I gave a presentation today on practical tips for solving contextual bandit problems on the internet. Unless one faces a complete cold start situation, there is an existing system making decisions which you are expected to improve. Such systems are often not explicitly constructed decision theoretically, and a common case is a pile of heuristics developed by a set of plucky humans armed with spreadsheet software. This led naturally to the topic of how to beat such systems.
It's important to note what is likely not to work: taking the same information used by the human-spreadsheet algorithm (HSA), applying the latest whiz-bang Machine Learning algorithm to it, and hoping to do better. You might get lucky but especially in a consulting context it's good to stack the deck in your favor. The reason why this is not a good strategy is that Machine Learning algorithms are at their core optimization algorithms, but HSA is also an optimization algorithm, and given enough time HSA can be quite competitive so it's important to understand its weaknesses.

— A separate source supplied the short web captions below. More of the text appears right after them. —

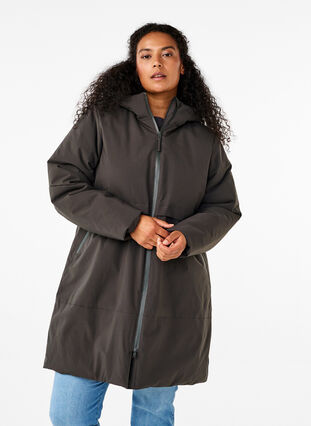 ZizziWinterjacke mit verstellbarer Taille, Raven, Model image number 0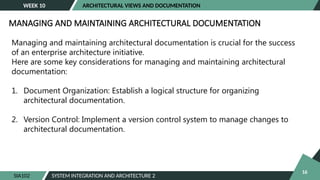 Comprehensive Guide to Architectural Views and Documentation in ...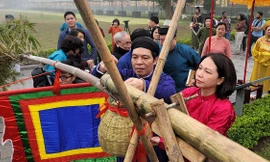 Độc đáo nghi lễ dựng cây nêu ngày Tết tại Hoàng thành Thăng Long - Hà Nội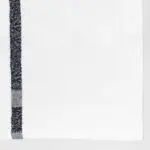 22x44 Black Center Stripe Workout Towel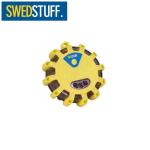 SWEDSTUFF WARNING LIGHT PUCKEN 100H WITH FLASHLIGHT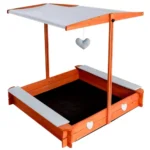 Homokozó tetővel, 120 cm x 120 cm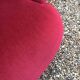 Red velvet toad chair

HSA tends to use counting estimators driven by a small number of features (a typical number is 5). These features can themselves be nonlinear hand-tuned combinations of small numbers of base pieces of information (again, typically 5), which can often be found in other ``tabs'' in the spreadsheet. Therefore I find it useful to think of HSA as a low-dimensional deep-learning algorithm.
The deep-learning in HSA is not state-of-the-art but given that it has typically had several man-years of running time, it can be pretty good. Therefore you are asking for trouble hoping to best HSA purely by improved deep-learning. The true Achilles heel of HSA is the low-dimensionality: taking the union of all the base pieces of information in all the tabs and you are generally looking at less than 20 pieces of information. Furthermore, the pieces of information are typically dense in the original data stream.
This suggests a strategy for the win: look for additional pieces of information available to the decision system not considered by the HSA. In particular look for sparse features which individually occur too rarely to support counting statistics, but which in concert provide lots of information (raw text fields can have this property).
Another potential weakness of HSA is the manual aspect and the interaction with nonstationarity. Sometimes the heuristics in the serving system are not frequently updated, in which case automation and processing more recent data can provide lift. Sometimes the HSA contains separate different seasonal models driven by subsets of the data, in which case you do better by training on all the data and including temporal, seasonal, and holiday features (recency weighting the historical data is a good idea here: also make sure any cross-validation is done temporally out-of-sample).
In any event I would advise a healthy respect for HSA-driven systems. Naturally when I first started I figured such systems would be easy targets and I've learned humility ``the hard way.''